**Activity:** Write out all of the records precisely. Skip anything that is a picture.

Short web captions

******************************

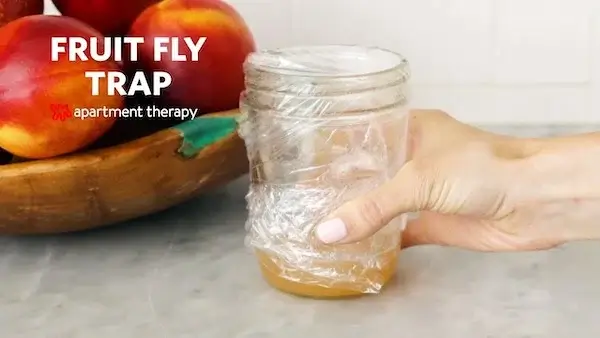 Catching Fruit Flies with Vinegar - Best Home Gear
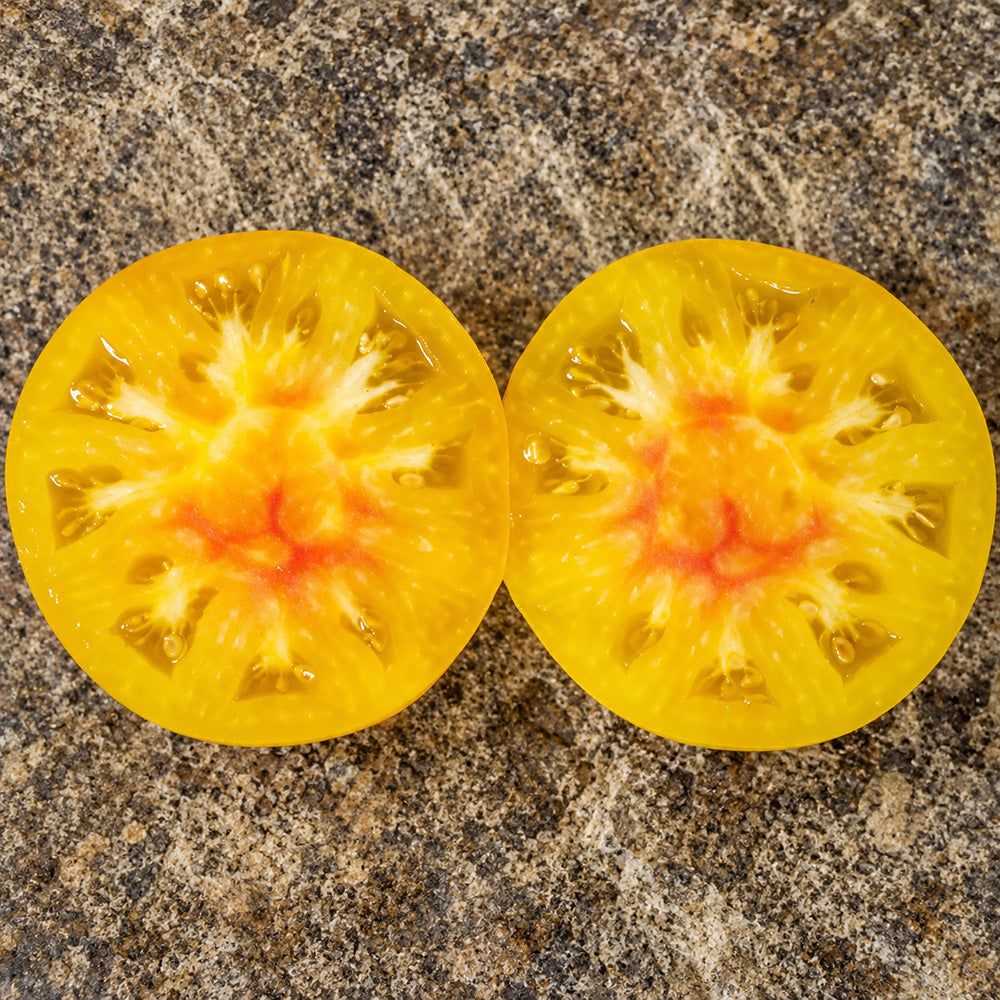 357 Casey's Pure Yellow Tomato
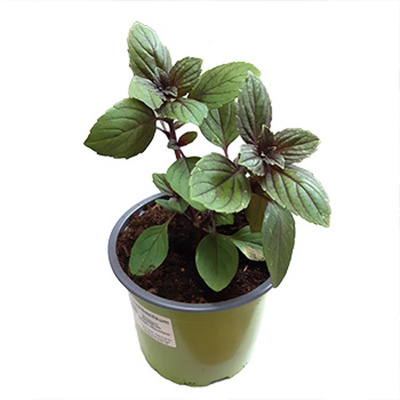 Produktfoto zu Strauchbasilikum "Magic Blue"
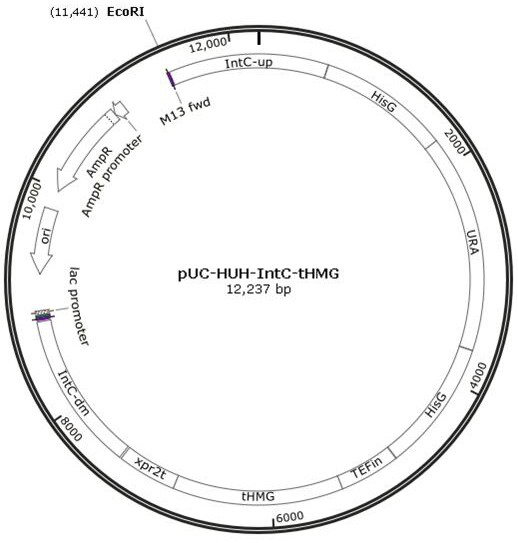 Recombinant Yarrowia lipolytica producing (-)-α-bisabolol and its construction method and application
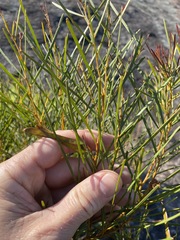 Acacia adunca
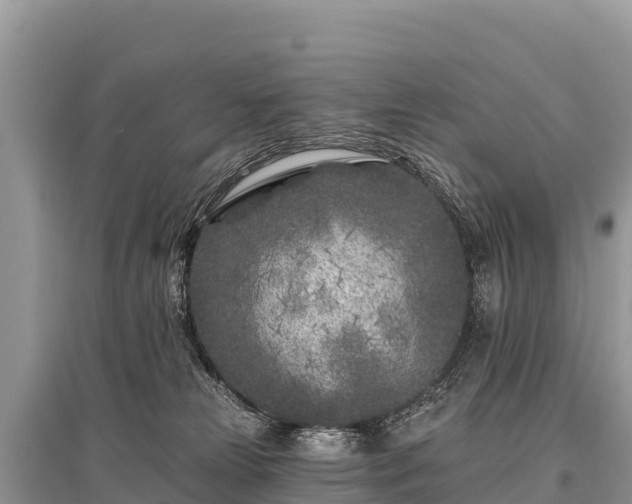 X0000096170181200801251200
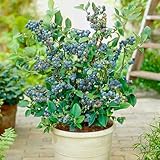 Topf-Heidelbeere Blaubeeren Pflanze 'Eliot' 1 Pflanze, Vaccinium corymbosum reichtragend Heidelbeere für Töpfe & Kübel | Heidelbeere für Balkon, Terrasse oder Garten, Winterhart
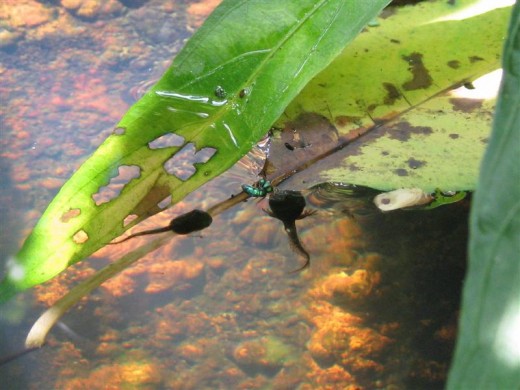 As they develop, the tadpoles must come to the top more often to breathe.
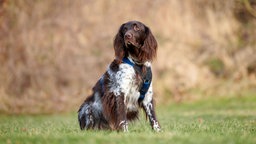 Ein großer braun-weißer Hund mit blauem Geschirr sitzt auf einer Wiese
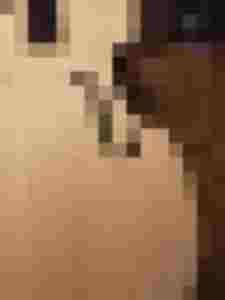 Detailansicht einer Holzoberfläche mit F-Löchern eines Streichinstruments zur Restauration.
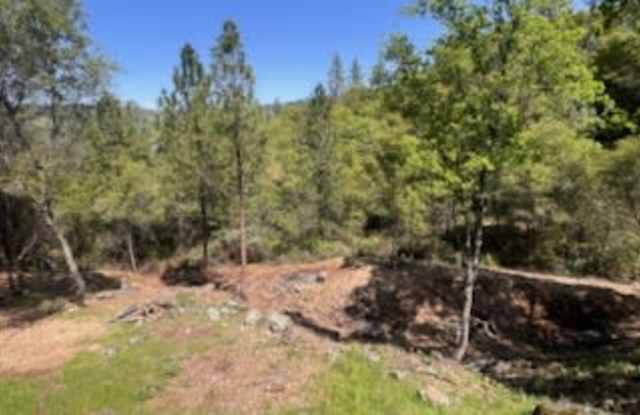 11657 Deerlick Road photos photos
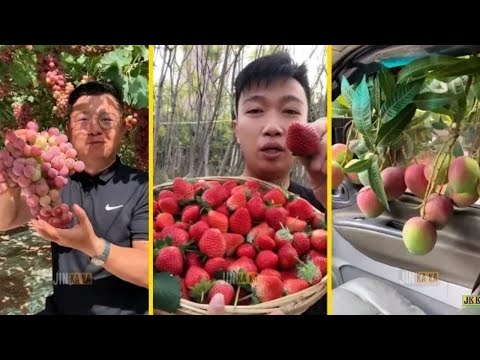 فيديو: كم يصنع مزارع الفاكهة؟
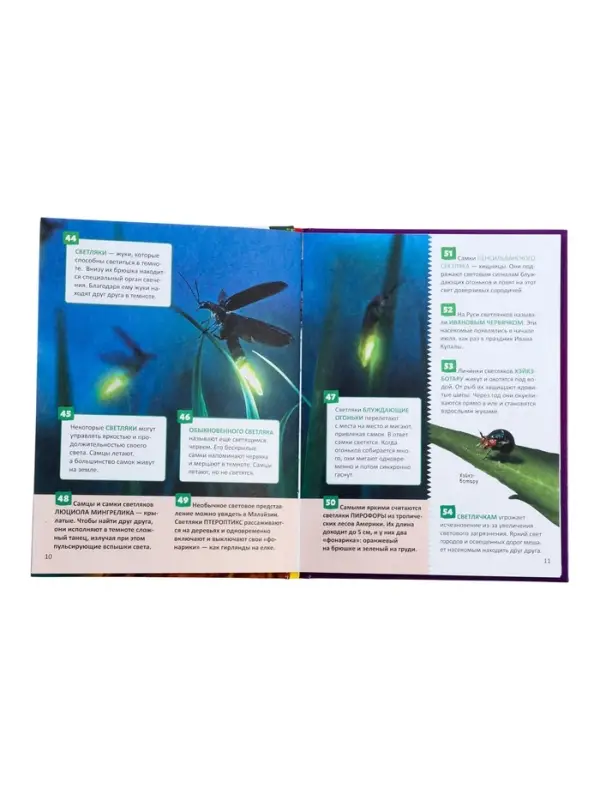 Энциклопедия российского школьника &laquo;Насекомые&raquo;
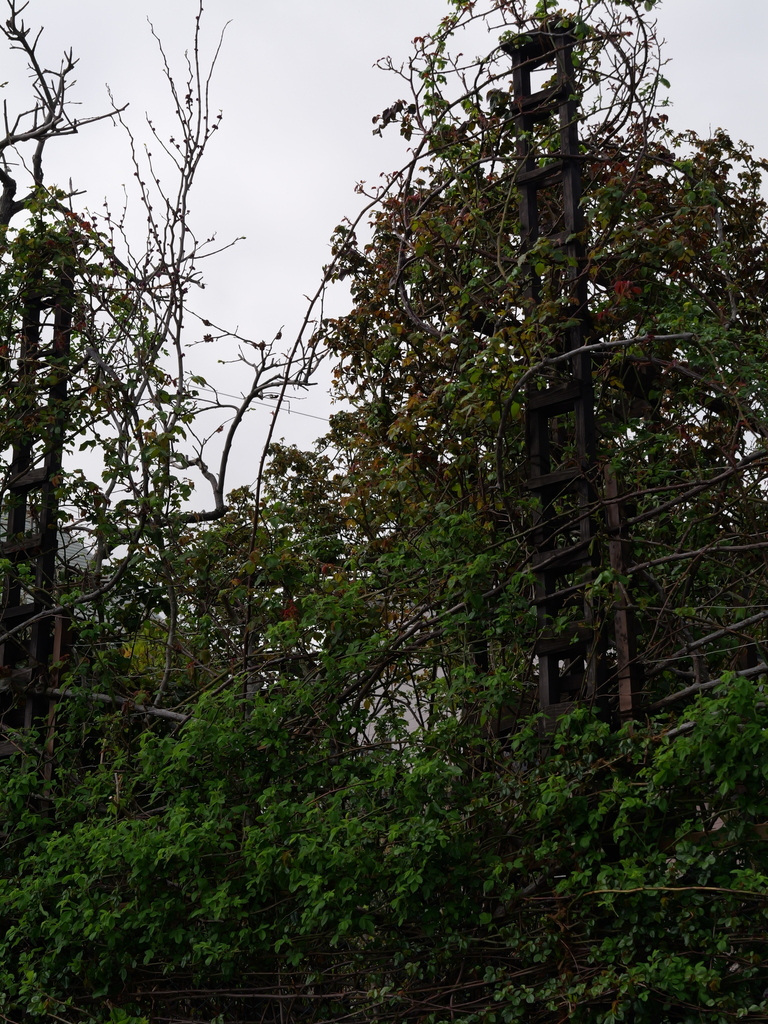 2025-03-28 12_05№(0178).JPG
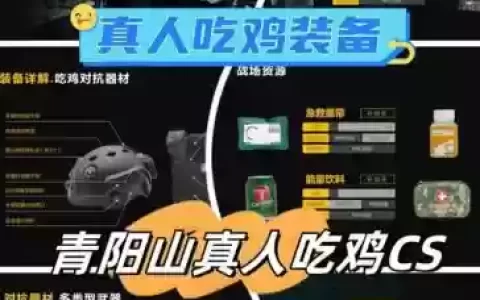 手机吃鸡怎么看队友装备6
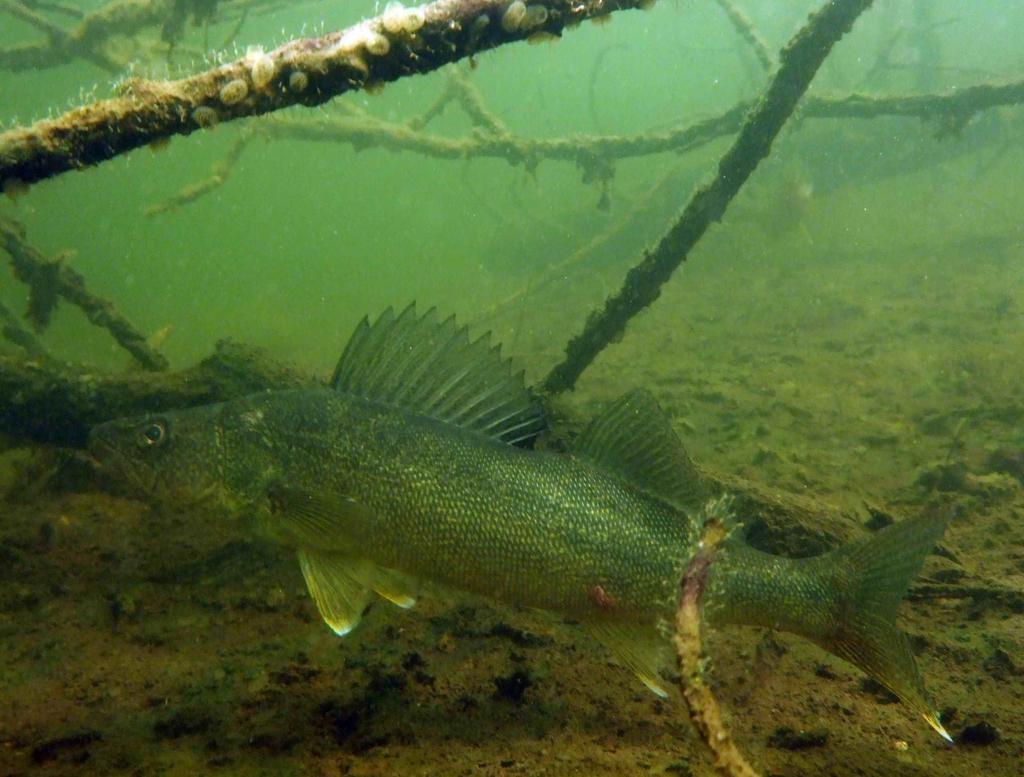 Walleye Reproductive Strategies: Spring Spawners Temp 6 12 C. Moving Water: 0.6 to 0.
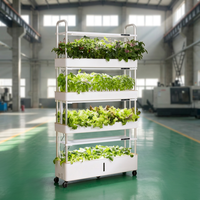 Système de jardinage vertical hydroponique intelligent d'intérieur avec 4 couches d'irrigation aéroponique, lampes de culture LED TSP 210 et pompe à eau automatique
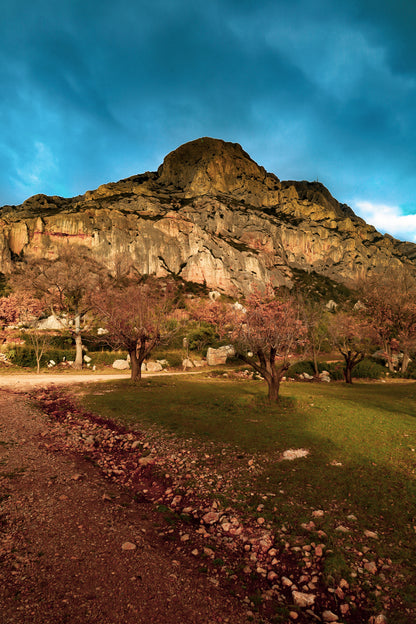 Amandiers au pied de la Sainte-Victoire illuminée par un ciel orageux bleu profond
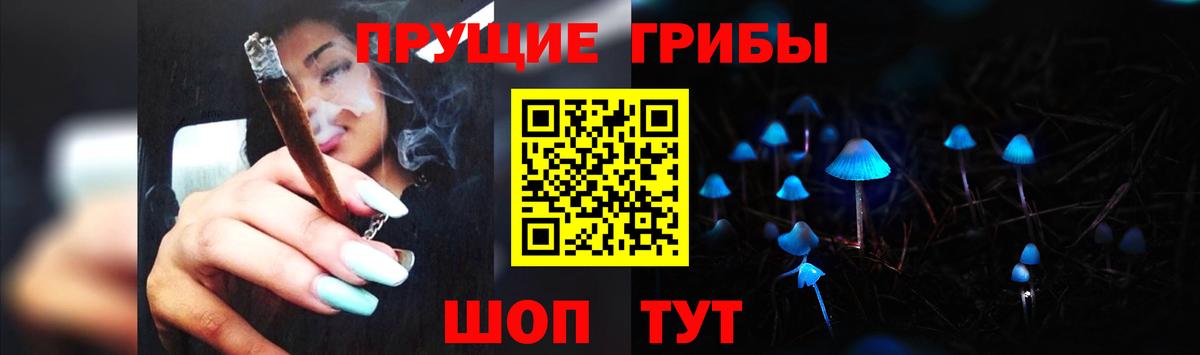 Галлюциногенные грибы Psilocybe  как найти закладки  Галлюциногенные грибы Magic Shrooms  Тара 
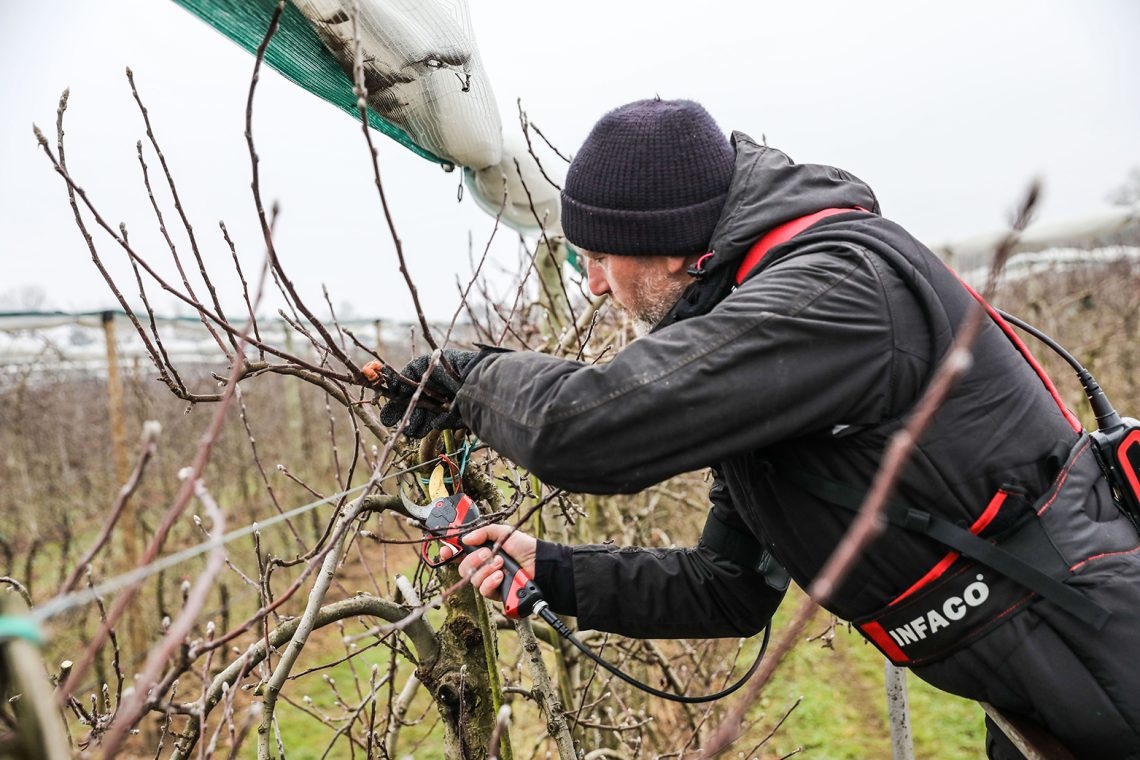 foto-secateur-f3020-gant-security-arboriculture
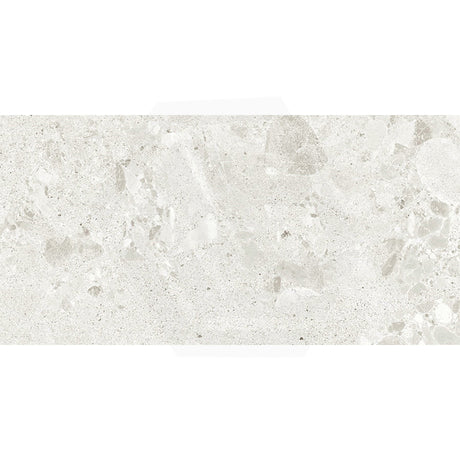Forest Terrazzo & Stone Look Beige Matt Porcelain Tile 300/600mm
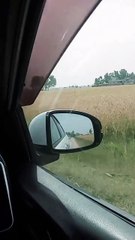 Entertainment And Educational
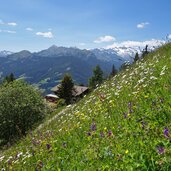 prantneralm oberhalb sterzing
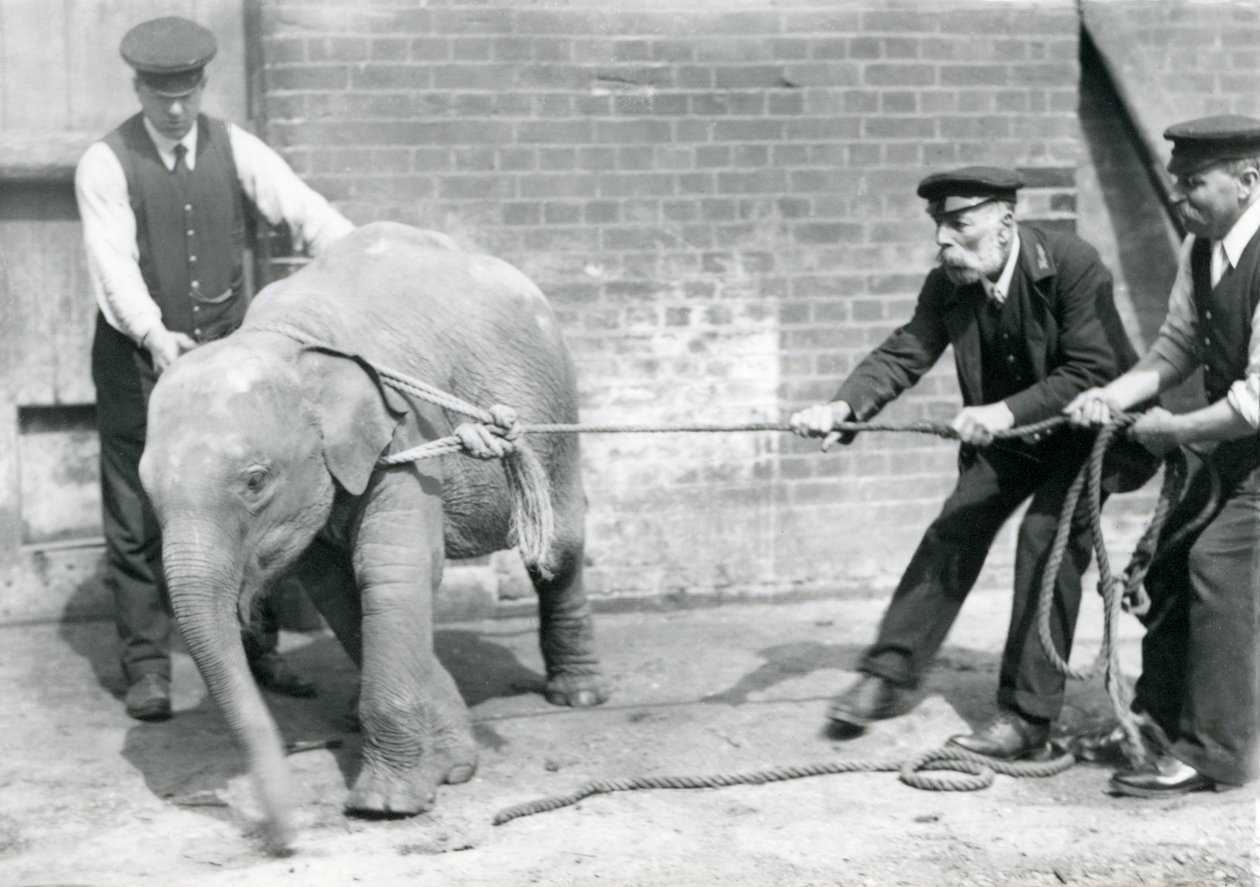 Guardiões A. Church, Charles Eyles e H. Robertson tentando levar um bebê elefante asiático em uma corda, o zoológico de Londres, em setembro de 1919 de Frederick William Bond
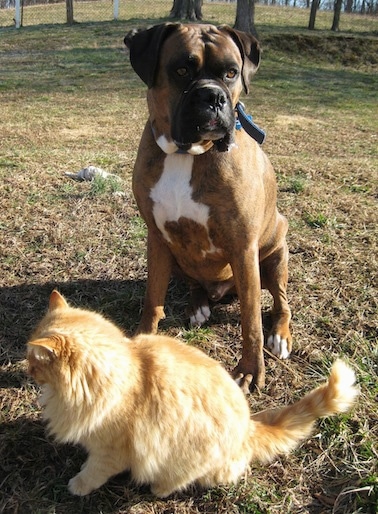 Bruno the Boxer sitting outside with a long haired orange cat in front of him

******************************

**Solution:**
 Catching Fruit Flies with Vinegar - Best Home Gear
 357 Casey's Pure Yellow Tomato
 Produktfoto zu Strauchbasilikum "Magic Blue"
 Recombinant Yarrowia lipolytica producing (-)-α-bisabolol and its construction method and application
 Acacia adunca
 X0000096170181200801251200
 Topf-Heidelbeere Blaubeeren Pflanze 'Eliot' 1 Pflanze, Vaccinium corymbosum reichtragend Heidelbeere für Töpfe & Kübel | Heidelbeere für Balkon, Terrasse oder Garten, Winterhart
 As they develop, the tadpoles must come to the top more often to breathe.
 Ein großer braun-weißer Hund mit blauem Geschirr sitzt auf einer Wiese
 Detailansicht einer Holzoberfläche mit F-Löchern eines Streichinstruments zur Restauration.
 11657 Deerlick Road photos photos
 فيديو: كم يصنع مزارع الفاكهة؟
 Энциклопедия российского школьника &laquo;Насекомые&raquo;
 2025-03-28 12_05№(0178).JPG
 手机吃鸡怎么看队友装备6
 Walleye Reproductive Strategies: Spring Spawners Temp 6 12 C. Moving Water: 0.6 to 0.
 Système de jardinage vertical hydroponique intelligent d'intérieur avec 4 couches d'irrigation aéroponique, lampes de culture LED TSP 210 et pompe à eau automatique
 Amandiers au pied de la Sainte-Victoire illuminée par un ciel orageux bleu profond
 Галлюциногенные грибы Psilocybe  как найти закладки  Галлюциногенные грибы Magic Shrooms  Тара 
 foto-secateur-f3020-gant-security-arboriculture
Forest Terrazzo & Stone Look Beige Matt Porcelain Tile 300/600mm
 Entertainment And Educational
 prantneralm oberhalb sterzing
 Guardiões A. Church, Charles Eyles e H. Robertson tentando levar um bebê elefante asiático em uma corda, o zoológico de Londres, em setembro de 1919 de Frederick William Bond
 Bruno the Boxer sitting outside with a long haired orange cat in front of him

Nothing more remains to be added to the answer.